Copper theft is on the rise and Boston has seen a rash of thefts involving copper plumbing. Boston Housing Authority employees are facing a Civil Service Hearing related to accusations that they illegally removed copper plumbing from a public housing complex in Roslindale.
Last month, two men were arrested in New Hampshire in connection with the theft of copper from National Grid in North Andover in two separate incidents. Police estimate that the National Grid copper was worth more than $30,000. Later in the month, National Grid also reported the theft of about $6,000 worth of copper from a power plant in Whitman.
Copper theft isn’t limited to commercial properties, though. Last month, a New Hampshire man was arrested after attempting to steal copper plumbing from a home for sale in Manchester. In that theft, the combined damage total from the copper theft and leaking water was estimated at $3,000.

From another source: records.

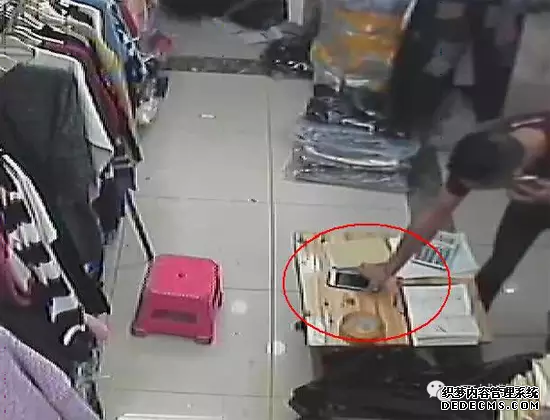 男子为偷一部手机,换乘6趟公交2次进超市易装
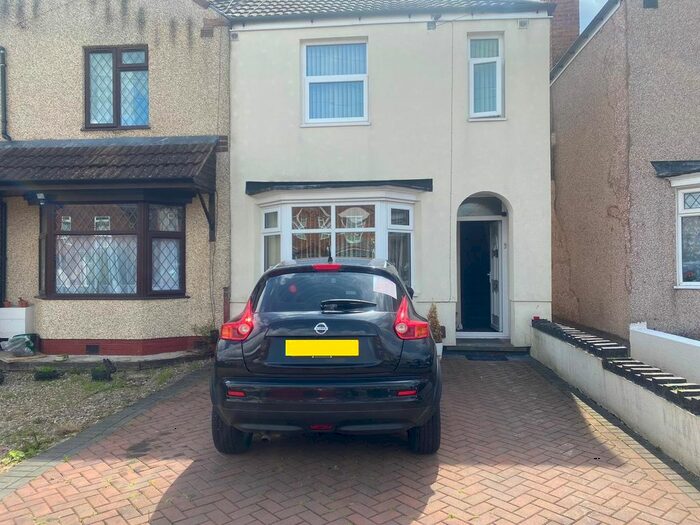 3 Bedroom Semi-Detached House To Rent In Warden Road, Coventry, CV6
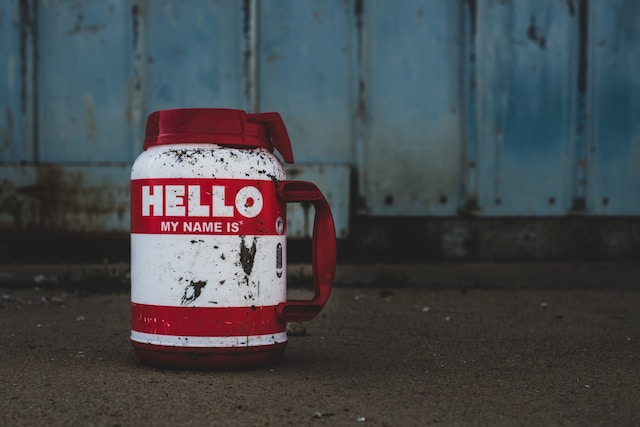 instagram ユーザー名の変更方法を表す「hello my name is」のステッカーが貼られたマグカップ。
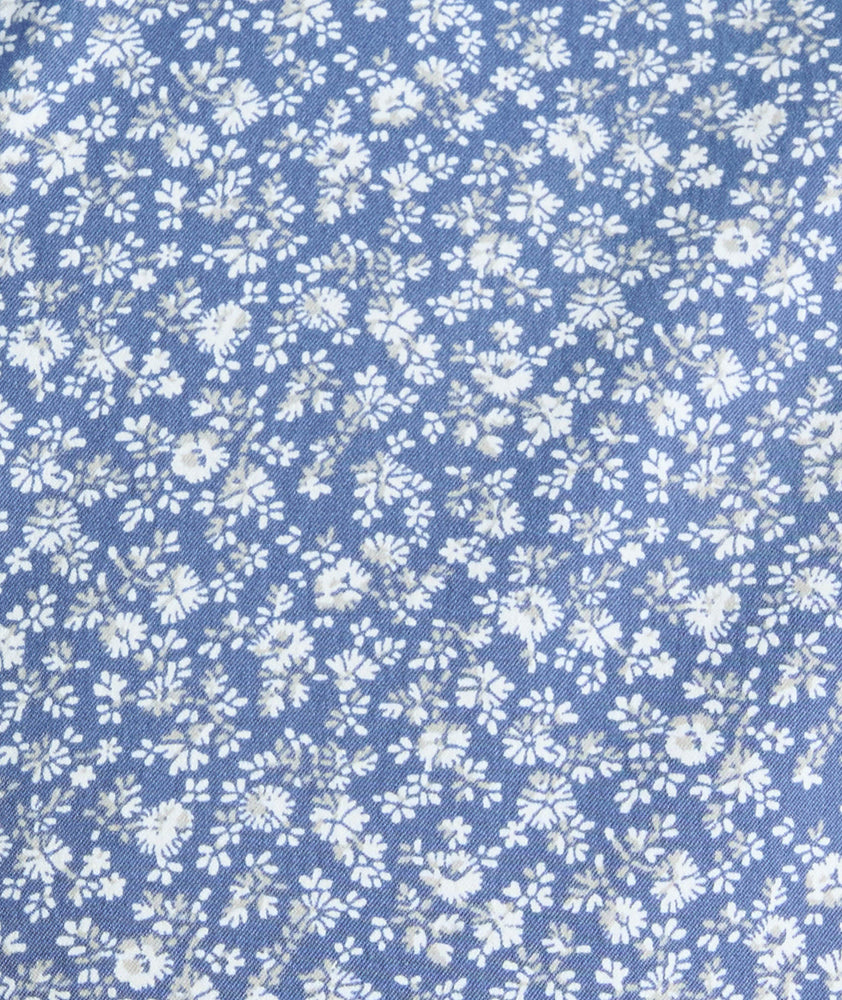 Model is wearing UNTUCKit Performance Short-Sleeve Bradshaw Shirt. 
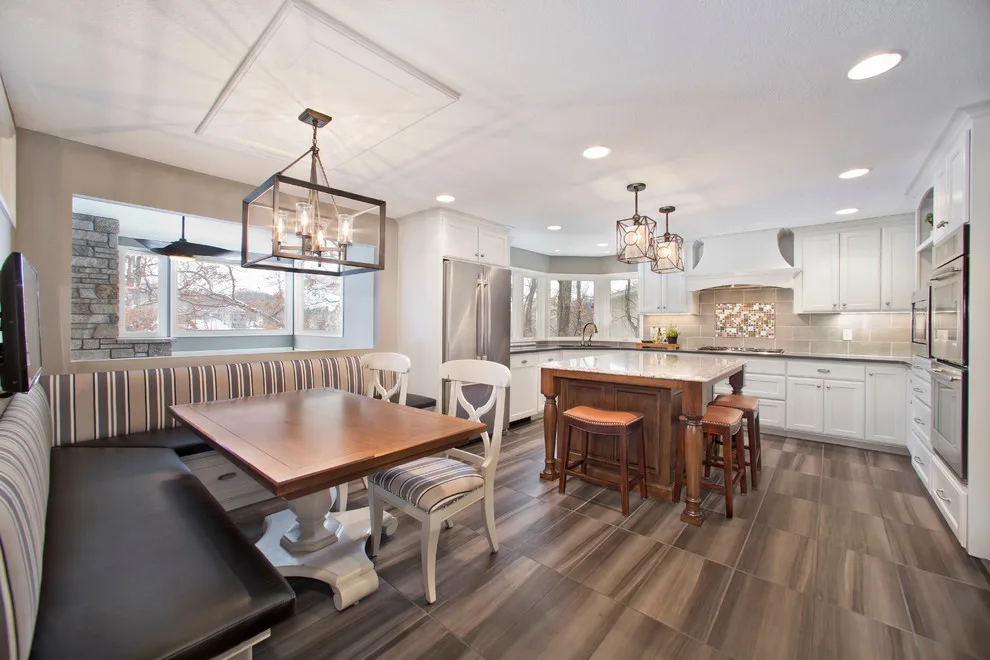Sexton Residence by Rebecca Ryan Design - Photo 2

Scrap copper is worth about $2.50-$3.00 per pound, and the cost of copper is rising slightly. That puts homeowners with copper plumbing at an increased risk of copper theft. Exposed copper connections on central air conditioning units are also becoming a favorite target of thieves.
What can you do to protect yourself? We recommend that you sheathe any exposed (outdoor) copper pipe with flexible conduit to shield the copper from view. That’s not going to stop a determined thief, but out-of-sight, out-of-mind sometimes works.
Empty residential buildings are at the greatest risk of theft. Removing copper does take a bit of time, so thieves will be looking for opportunities to work undisturbed. Motion alarms, burglar alarms and observant neighbors may deter some thieves, but few things will dissuade a determined thief from getting in.
One approach to consider when a home is empty is turning off the water at the main and draining the plumbing system. That won’t prevent copper theft, but it can prevent resulting water damage to your unoccupied home. Maintain your insurance coverage on the structure, and your loss will be limited to the value of your deductible.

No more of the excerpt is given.